身近な生き物図鑑:キタキツネ(北狐)キタキツネ

野鳥

   森戸川源流部で、種類も個体数も増えてきています。キビタキ、ヤブサメ、サンコウチョウ、センダイムシクイ、オオルリなどが繁殖しています。
 手入れの行き届かなくなった里山や、伐採されなくなった森林の遷移が、野鳥の繁殖に適合したようで、野鳥は種類も個体数も増加傾向にあります。

両生類

   両生類は激減してしまいました。特に、トウキョウダルマガエルは絶滅してしまいました。

昆虫

   戦後と比べると、驚くほど減少しました。ヤブカ、ブヨ、ハエなども少なくなりました。
 ホタルやトンボなどは、自然保護の建て前的存在として保護育成への努力が実り、増加傾向にあります。

三浦半島の侵入種

アライグマとブラックバス

 

 三浦半島でも、外来の動植物が野生化し、在来種を圧迫しています。人の生活にも悪影響を与える種類もいるので、無視できない問題となってきています。
 アライグマ、タイワンリス、ハクビシン、ブラックバス、ブルーギル、ミシシッピーアカミミガメ、カミツキガメなどの外来種が野生化しています。なかでも、アライグマとブラックバスによる被害は大きなものとなっています。
 このような事から、外来種を寄生する法律もできています。

人に危険な外来種も

   三浦半島では事件は起きていませんが、カミツキガメに噛まれると、指を食いちぎられてしまうこともあります。
 アライグナは、寄生虫症の宿主となったり、狂犬病を媒介することがあります。
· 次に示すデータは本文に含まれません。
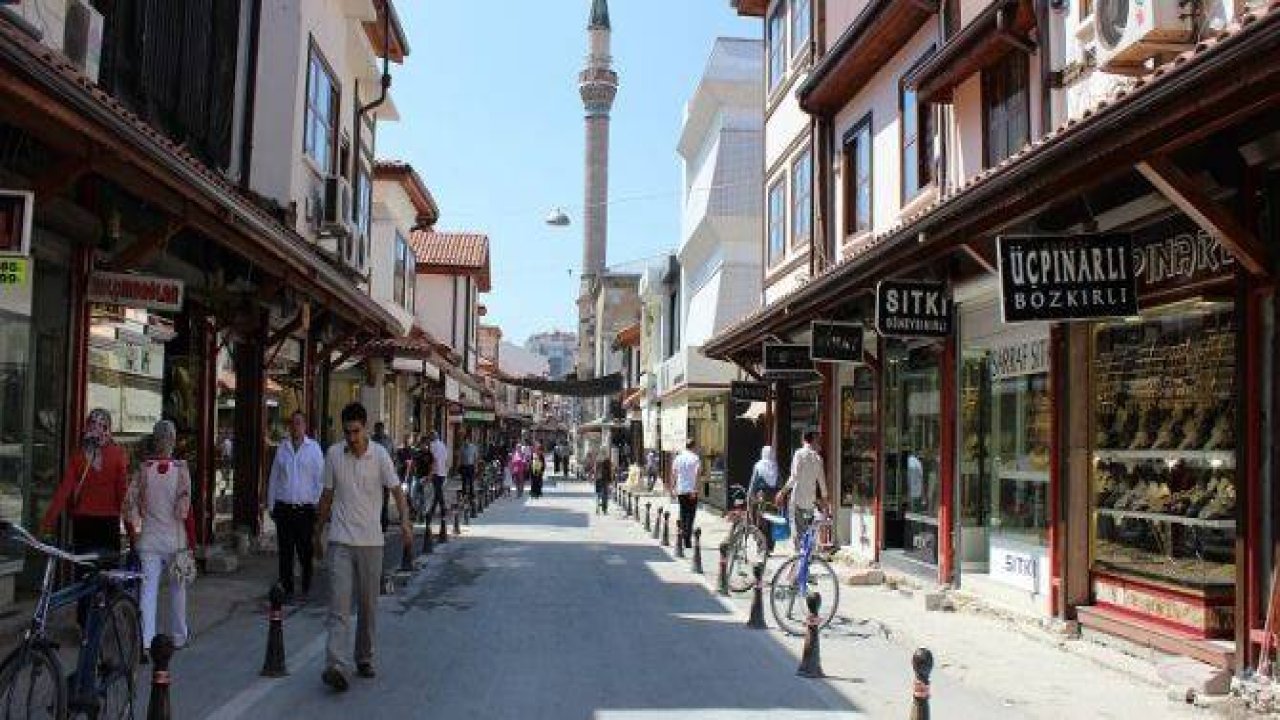 Hepsi bir yerde, Bedesten’ de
人だけではなく、日本の在来生物にも悪影響を与える恐れもあります。
 ペットとして飼う場合でも、最後まで責任を持って飼うようにしましょう。

捕獲した時

   私はボランティアで三浦半島の自然を守る活動をしていますが、外来生物を捕獲した時は、とてもイヤ〜な気分になってしまいます。
 自分自身、動物が好きでペットも飼っているのに、捕獲した外来生物は殺処分しなければならないからです。可哀想だからといって逃がしてあげても、結局、誰かが殺さなくてはいけなくなってしまうわけです。結果としては、誰が汚れ役を引き受けて殺すのかの違いだけでしかありません。